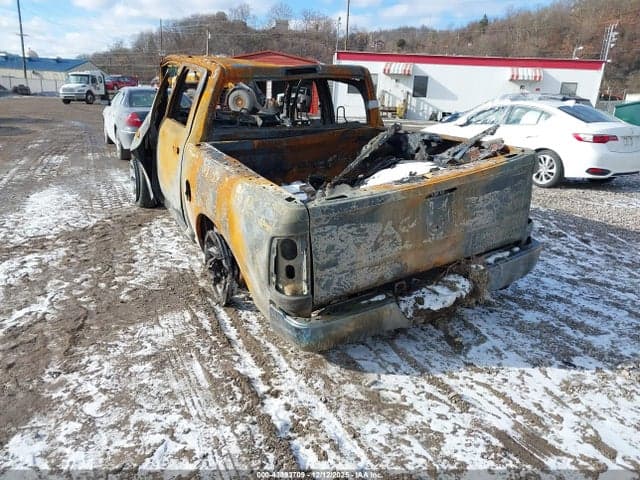 2021 RAM 1500 CLASSIC SLT 3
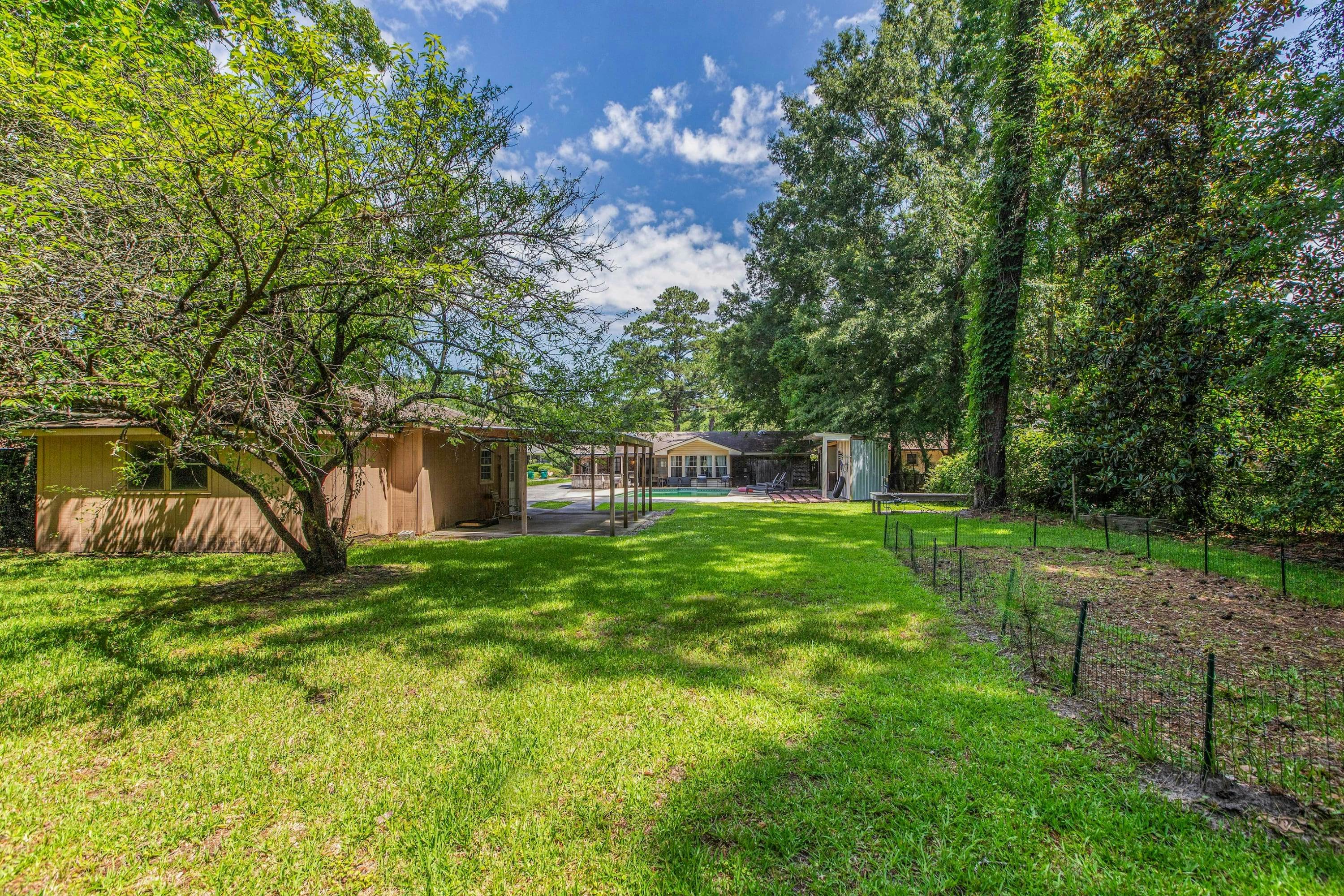 69 Lynn Dr, Savannah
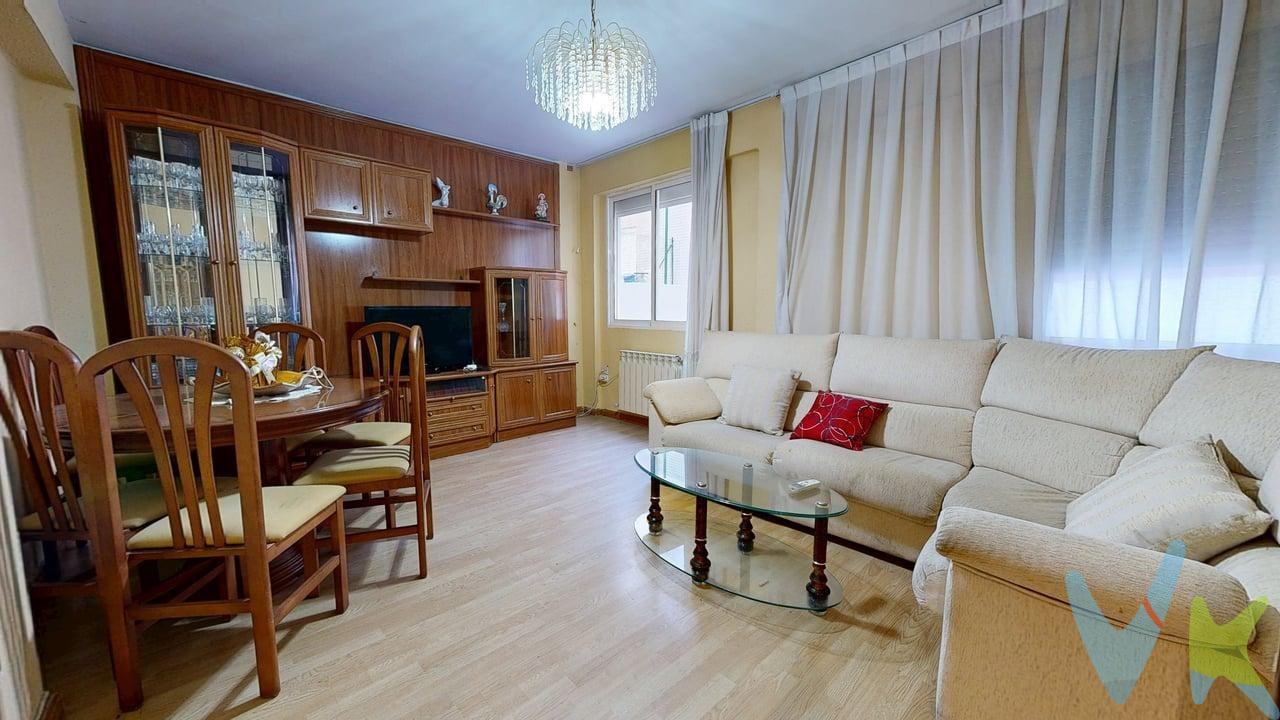 UNCETA, 87 - 89. ¡Descubre tu nuevo hogar! Este encantador piso de 60 m² útiles se encuentra en una ubicación privilegiada, ideal tanto como primera vivienda como inversión para alquilar. Con un dormitorio doble y otro sencillo que cuenta con un acogedor balcón, este espacio ofrece la combinación perfecta de comodidad y funcionalidad. El amplio salón es perfecto para relajarse, mientras que la cocina completamente equipada te permitirá disfrutar de tus dotes culinarias. Además, la joya de este inmueble es su espectacular terraza de 21 m² y otra en patio interior de 7m2, donde podrás disfrutar de momentos al aire libre y organizar reuniones con amigos y familiares. La calefacción individual a gas ciudad y el aire acondicionado en el salón garantizan un ambiente agradable durante todo el año. . El piso se vende amueblado y cuenta con un armario empotrado en el dormitorio principal, optimizando así el espacio de almacenamiento. La finca, en buen estado de conservación, dispone de ascensor a cota cero, facilitando el acceso. El precio indicado no incluye impuestos, gastos de notaría, registro y honorarios de intermediación. Anuncio no vinculante, puede contener errores.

# Exercise brief
The whole listing should be retyped word for word; none of its pictures belong in the copy.

# Solution for this task
 2021 RAM 1500 CLASSIC SLT 3
 69 Lynn Dr, Savannah
 UNCETA, 87 - 89. ¡Descubre tu nuevo hogar! Este encantador piso de 60 m² útiles se encuentra en una ubicación privilegiada, ideal tanto como primera vivienda como inversión para alquilar. Con un dormitorio doble y otro sencillo que cuenta con un acogedor balcón, este espacio ofrece la combinación perfecta de comodidad y funcionalidad. El amplio salón es perfecto para relajarse, mientras que la cocina completamente equipada te permitirá disfrutar de tus dotes culinarias. Además, la joya de este inmueble es su espectacular terraza de 21 m² y otra en patio interior de 7m2, donde podrás disfrutar de momentos al aire libre y organizar reuniones con amigos y familiares. La calefacción individual a gas ciudad y el aire acondicionado en el salón garantizan un ambiente agradable durante todo el año. . El piso se vende amueblado y cuenta con un armario empotrado en el dormitorio principal, optimizando así el espacio de almacenamiento. La finca, en buen estado de conservación, dispone de ascensor a cota cero, facilitando el acceso. El precio indicado no incluye impuestos, gastos de notaría, registro y honorarios de intermediación. Anuncio no vinculante, puede contener errores.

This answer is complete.